Storage Description Recommended
Cloud Datastore A schemaless object datastore with automatic caching, a sophisticated query engine, and atomic transactions. YES
Cloud Storage A storage service for objects and files up to terabytes in size, and accessible to App Engine apps via the Google Cloud Storage client library. YES
Cloud SQL A relational SQL database for your App Engine application, based on the familiar MySQL database. CONDITIONAL*


The impact of an SQL-injection attack on an application that uses Cloud Datastore is typically less than on applications that use a standard SQL backend. However there is still some risk of leaking data.

Never construct queries by concatenating strings entered by users.


GQL queries to the datastore must use parameter binding to prevent SQL-injection-like attacks. This is described in the NDB documentation and the Datastore documentation. Declare query arguments with a colon followed by a number or named argument:

  q = ndb.gql("SELECT * FROM Account WHERE spam > :1", 10)
  q = ndb.gql("SELECT * FROM Account WHERE spam > :threshold", threshold=10)
  q = GqlQuery("SELECT __key__ FROM Song WHERE composer = :1", "Lennon, John")
  q = GqlQuery("SELECT * FROM Song WHERE composer = :composer", composer="Lennon, John")

JDOQL queries must use parameter substitution to prevent SQL-injection-like attacks.
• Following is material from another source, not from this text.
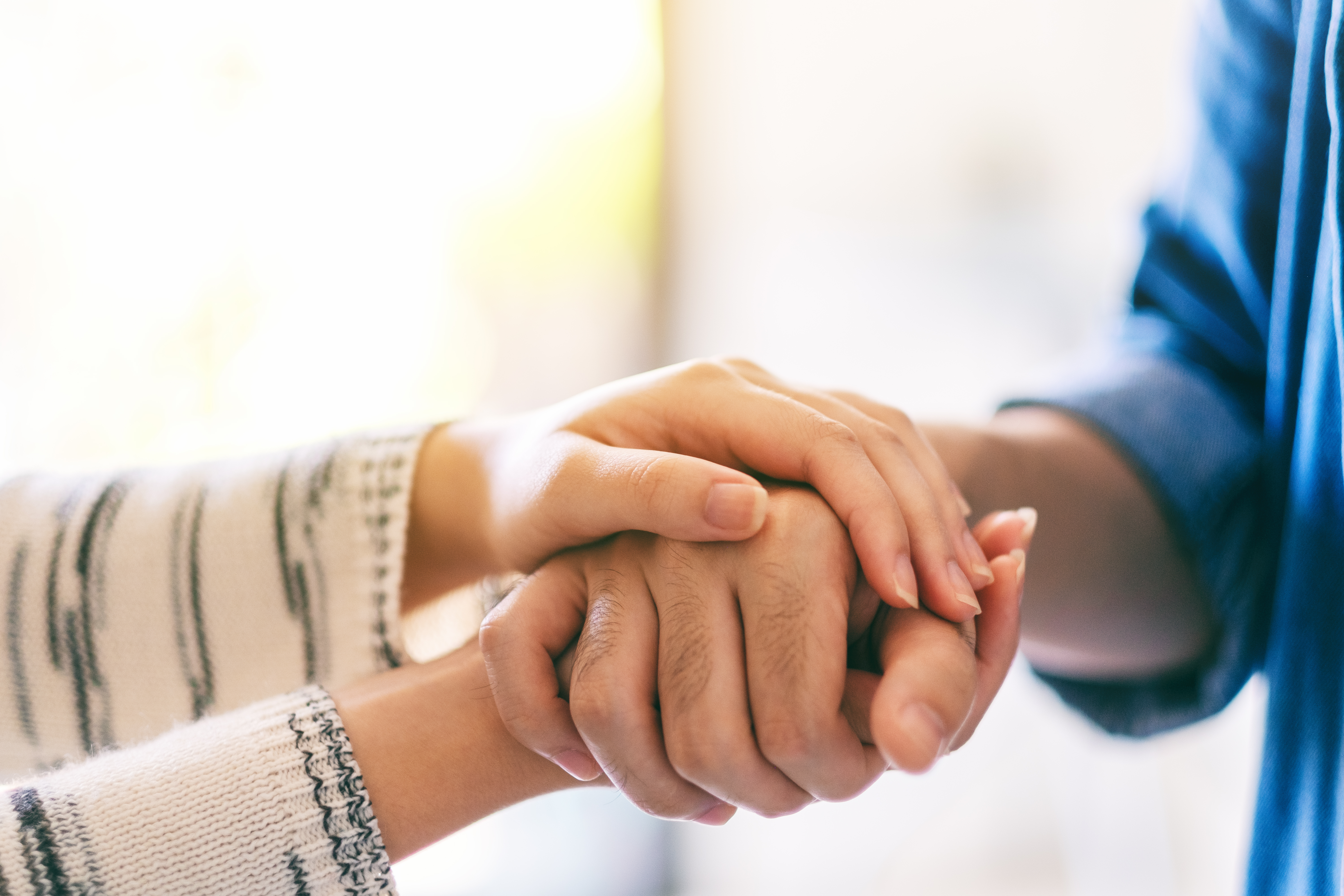 Two people holding each other's hands | Source: Shutterstock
However, constructing raw queries in source code is often error-prone. We recommend using an Object Relational Mapping (ORM) library. Some examples of ORMs are in the Datastore documentation.
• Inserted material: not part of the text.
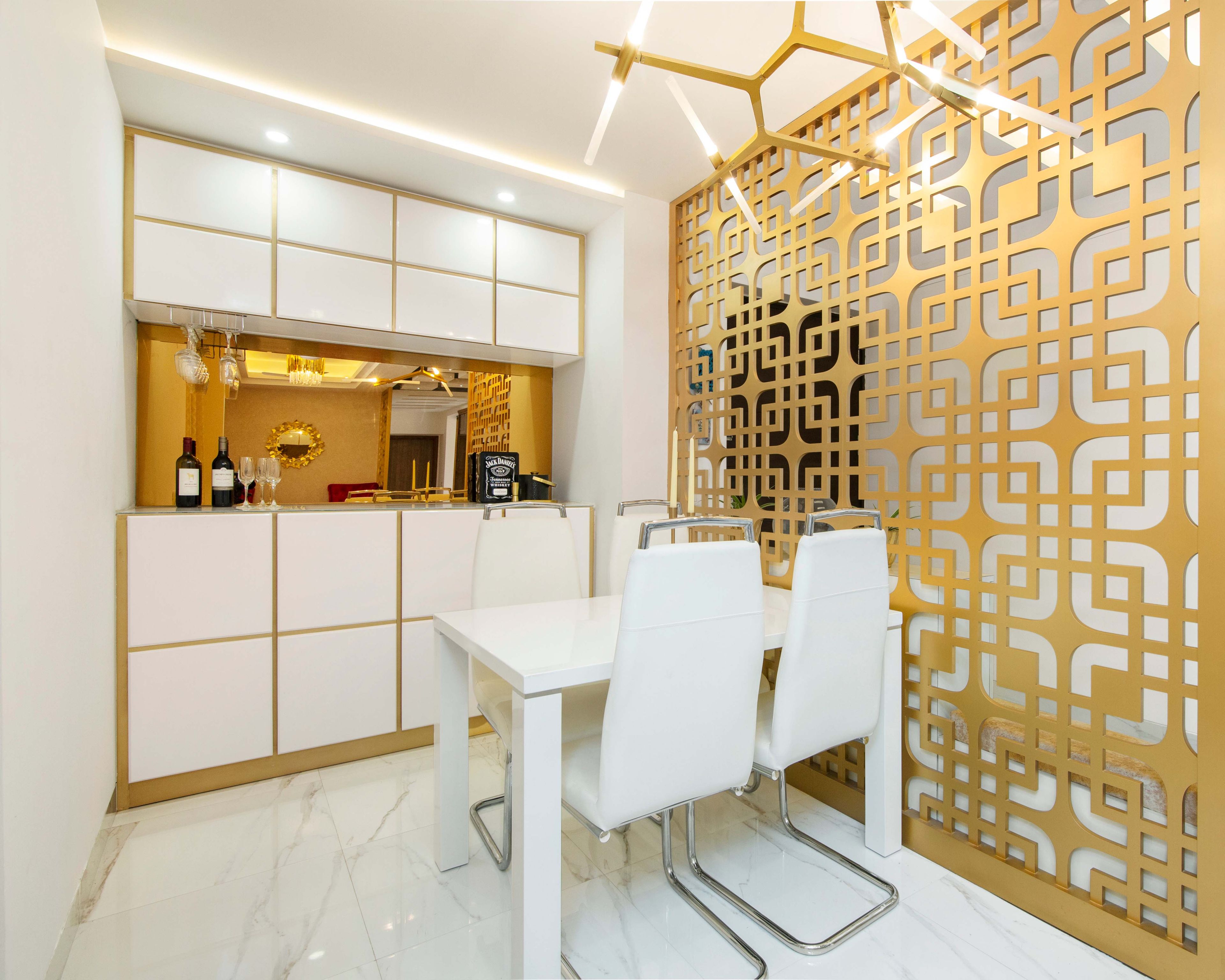 Exclusive White 4-Seater Dining Table In White With Bar Unit And Gold-Toned Partition - Livspace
  // pm is an instance of javax.jdo.PersistenceManager
  Query q = pm.newQuery(Person.class);
  q.setFilter("lastName == lastNameParam");

  q.setOrdering("height desc");
  q.declareParameters("String lastNameParam");

Key / Secret Storage

Storing sensitive information (e.g. encryption key material) in source code is dangerous as this makes it available to anyone with access to the source code repository. Sensitive key material can be stored in the Cloud Datastore. However, if the loss of key material would prevent data access, the key material must be available for escrow. You should always have a plan for rotating or versioning the encryption key in case of loss or compromise.
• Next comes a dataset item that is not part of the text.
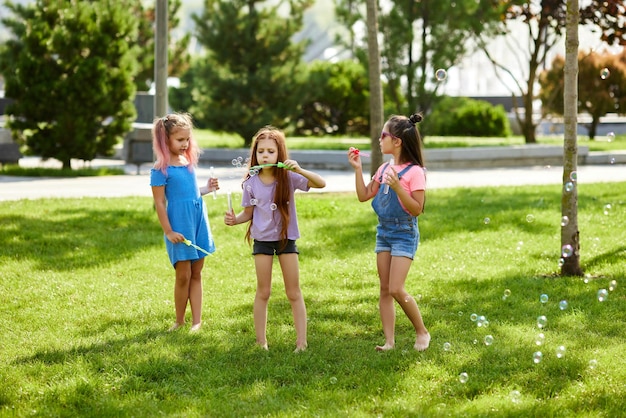 Enfants jouant avec des bulles de savon dans le parc en journée d'été ensoleillée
Key material (e.g. data encryption keys) should be documented and backed up safely outside the system.

*Cloud SQL conditions: While Cloud SQL is an excellent storage backend, the security industry’s experience is that almost all development teams using SQL introduce SQL injection bugs that result in massive compromise. It is possible to safely use Cloud SQL in a project that enforces: rigorous style standards; code reviews aided by static analysis tools; the exclusive use of APIs that prevent SQL injection by requiring that query parameters be bound to placeholder arguments. With all these measures in place, it may be acceptable to use Cloud SQL. Per the web application security requirements, please have your design vetted to ensure your use case will be approved.